Discussion
The goal of this experiment was to identify differentially expressed genes in ΔZMS1 and ΔZMS2 related to oxidative stress. A microarray was used to study the gene expression of ΔZMS1 and ΔZMS2. The RNA was determined to be in the pure range of absorbances (not much protein) and therefore was considered pure. The quantity obtained was also in a good range for microarray use so we were able to obtain at least 8 ug for the labeling procedure. When the RNA was run on a gel, however, it was somewhat degraded (Figure 1). Due to the degradation a different group's RNA was utilized. Because our microarray slide (107) was destroyed during shipping we utilized an array from previous years (Slide 726). Slide 726 had irregular pixal intensity which could have been a result of poor washing technique or incorrectly prepared solutions.

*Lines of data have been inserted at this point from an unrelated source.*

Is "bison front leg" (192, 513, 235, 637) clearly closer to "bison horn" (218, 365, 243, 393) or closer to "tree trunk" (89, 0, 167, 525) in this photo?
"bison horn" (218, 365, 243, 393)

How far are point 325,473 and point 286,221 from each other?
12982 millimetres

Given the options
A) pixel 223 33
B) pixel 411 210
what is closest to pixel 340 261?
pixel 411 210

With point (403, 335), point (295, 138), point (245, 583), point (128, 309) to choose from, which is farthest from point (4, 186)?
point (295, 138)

After searching the GCAT database, 29 genes were found related to oxidative stress in yeast. A paired T-test was performed on the 29 genes and found 8 statistically significantly different genes between ΔZMS1 and ΔZMS2 (Table 4). Genes were considered differentially expressed if they passed the t-test with an alpha of 0.01. Of the genes that were differentially expressed between mutants, YBR006W was chosen because of its involvement in human neurological disease. The YBR006W standard name is uga5 and codes for succinate semialdehyde dehydrogenase (SSADH). There was less expression of uga5 in ΔZMS1 compared to ΔZMS2 (Table 4). After further examination of uga5's function, it was found that SSADH is an enzyme in the glutamate catabolic pathway that converts succinate semialdehyde to succinate while reducing NADP (Figure 3)(Coleman 2001). The production of succinate (and therefore reduction of NADP) depends on the presence of gamma aminobutyric acid (GABA) and its enzyme GABA transminase (uga1).
Figure 3. Glutamate Catabolic Pathway. (Coleman 2001)
Previous studies have shown that when increased GABA results in increased SSADH and therefore the reduction of NADP to NADPH (Coleman2001). The reduction of NADPH is an important factor in combating oxidative stress. The uga1 expression ratio was 0.136 in ΔZMS1 and 0.486 in ΔZMS2. This 3-fold difference in upregulation expression levels may have caused differential expression of uga5 in ΔZMS2 when compared to ΔZMS1. ΔZMS2 may be exploiting the glutamate catabolic pathway to combat oxidative stress. ΔZMS1 may be utilizing an alternative pathway, such as the pentose phosphate pathway. Further study should be done to determine what pathway ΔZMS1 may utilize to help combat oxidative stress.